House members want extremist pastor’s White House media credentials revoked after rant calling Trump impeachment a 'Jew coup'

Rick Wiles, the far-right Christian fundamentalist pastor and radio host who founded TruNews, has a long history of bigotry — and that includes a lot of anti-Semitism to go with his anti-Islam, anti-gay and anti-feminist views. Regardless, Wiles has enjoyed media credentials in the Trump White House, but two Democratic members of the U.S. House of Representatives want those credentials revoked.
Wiles’ anti-Semitism was much in evidence in a video that was posted on TruNews’ YouTube channel on November 22. In the video, Wiles claimed that Jews are behind efforts to impeach President Donald Trump: Wiles described Trump as the victim of a “Jew coup” and claimed that Jews will “kill millions of Christians” after they succeed in removing the president from office.

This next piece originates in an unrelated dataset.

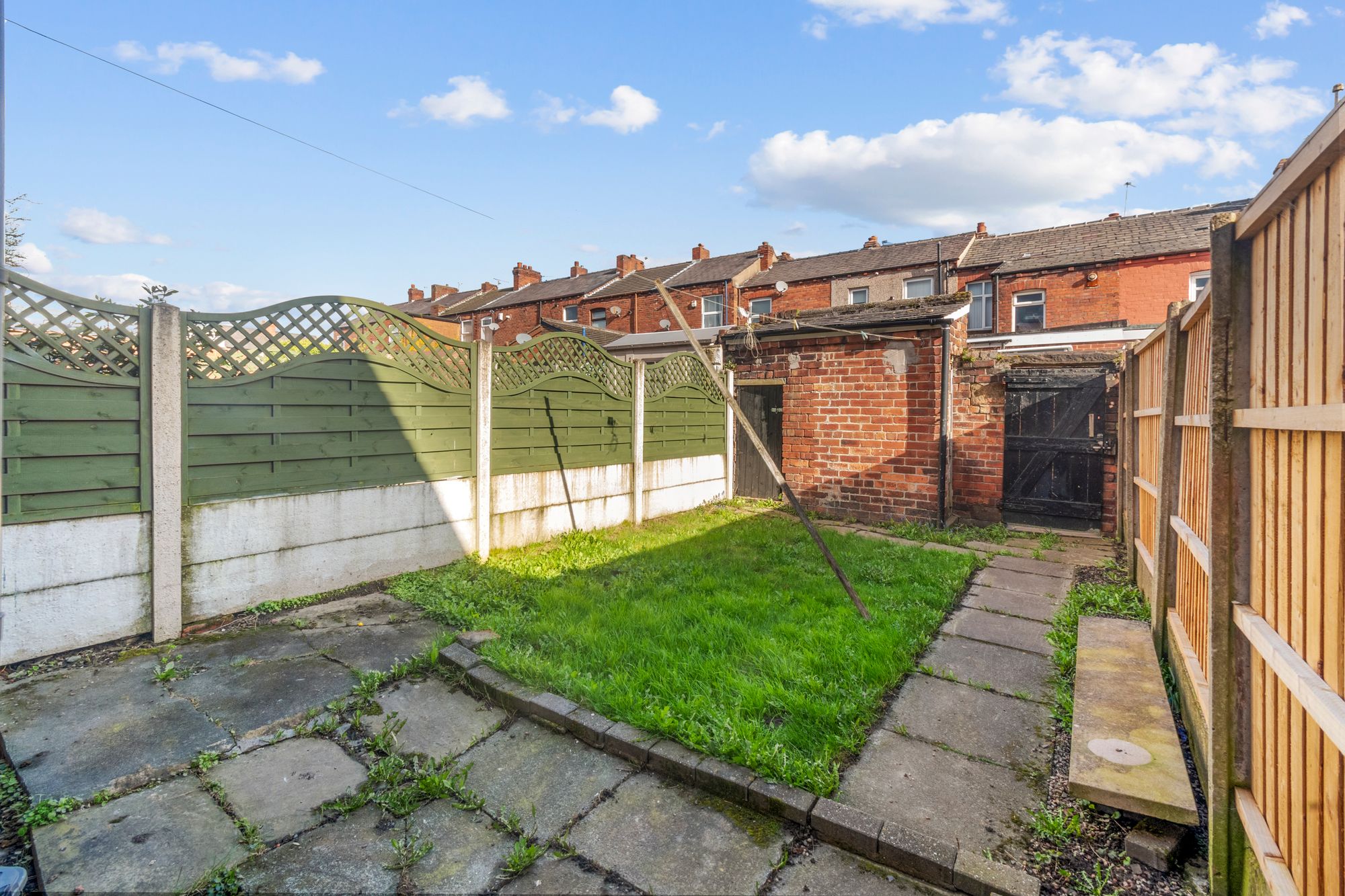 Grafton Street, St. Helens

YouTube banned TruNews’ channel from its video-sharing platform following Wiles’ anti-Semitic rant. And Rep. Ted Deutch of Florida and Rep. Elaine Luria of Virginia, in a letter sent to Acting White House Chief of Staff Mick Mulvaney on Monday, asserted that Wiles should be banned from all White House media events.

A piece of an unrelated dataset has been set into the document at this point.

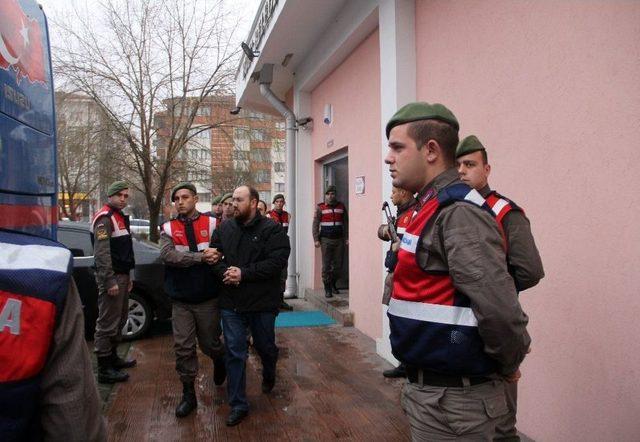 Fetö/pdy Aibü Yapılanması Davasında Karar Verildi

“As members of Congress,” Deutch and Luria’s letter reads, “we are committed to combating and preventing anti-Semitism and hatred of all kinds. We believe that this requires a whole-of-government approach, including public statements by our national leaders to consistently and firmly reject anti-Semitic ideas, language and violence.”

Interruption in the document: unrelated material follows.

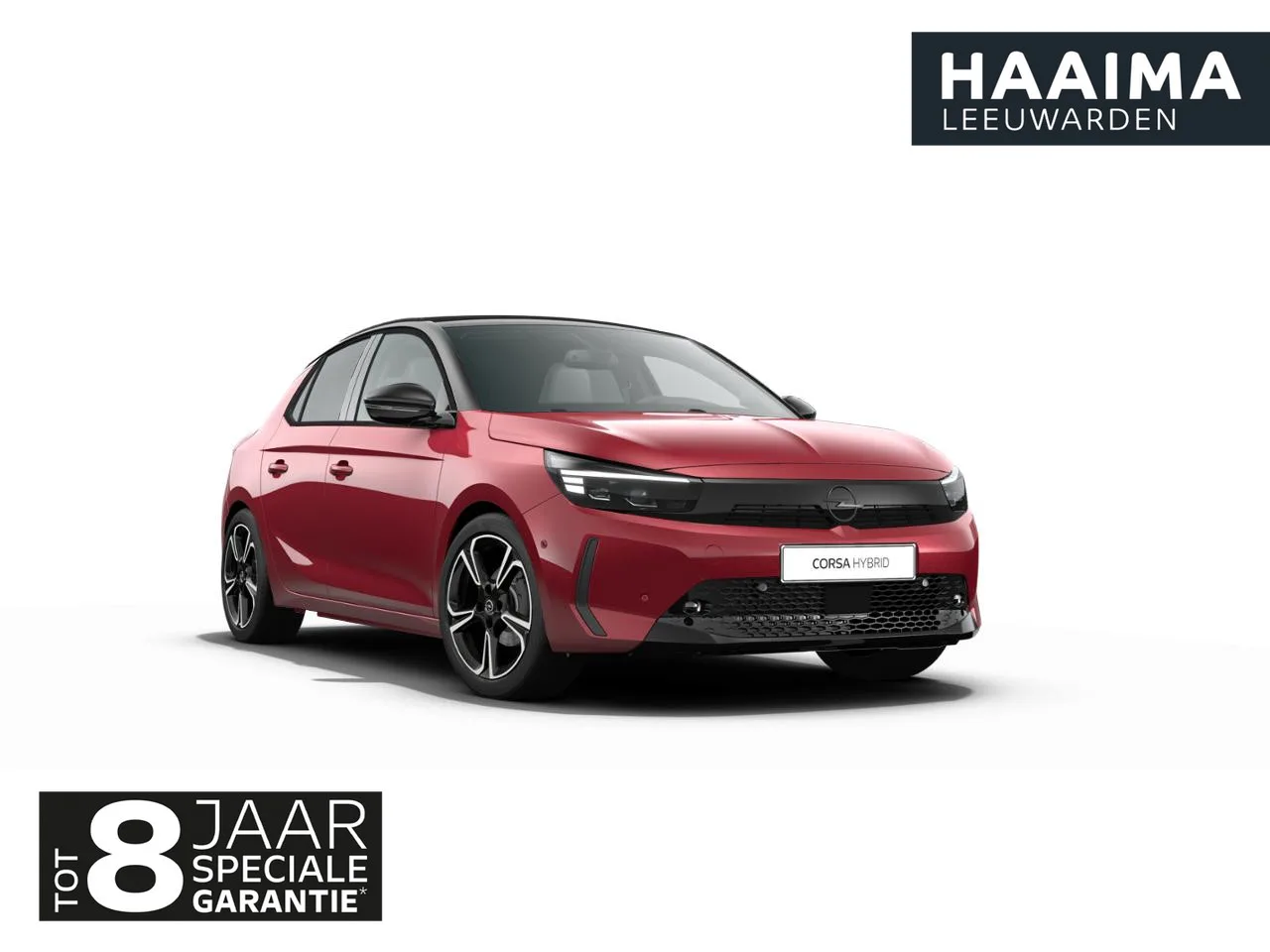 Opel Corsa (2026) — foto 1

In their letter to Mulvaney, Deutch and Luria go on to say of TruNews, “An extremist website that frequently attacks Jews and other minorities has no place in the White House. President Trump and other officials in this administration should publicly condemn these anti-Semitic conspiracy theories and make clear that anti-Semitism will not be tolerated by this White House, including from its supporters.”
Founded in 1998, TruNews (formerly America Freedom News) has been promoting hate in the name of Christian fundamentalism for 21 years. Wiles described President Barack Obama as the United States’ “jihadist in chief,” and he has said that the “Jewish mafia” was behind the assassination of President John F. Kennedy in 1963.
Although he considers himself a Donald Trump supporter, Wiles is highly critical of the president’s daughter, Ivanka Trump — who is a convert to Judaism (her father was raised Presbyterian), and who Wiles has described as a “Kabbalah-practicing evil woman whispering evil things in the ear of her father.”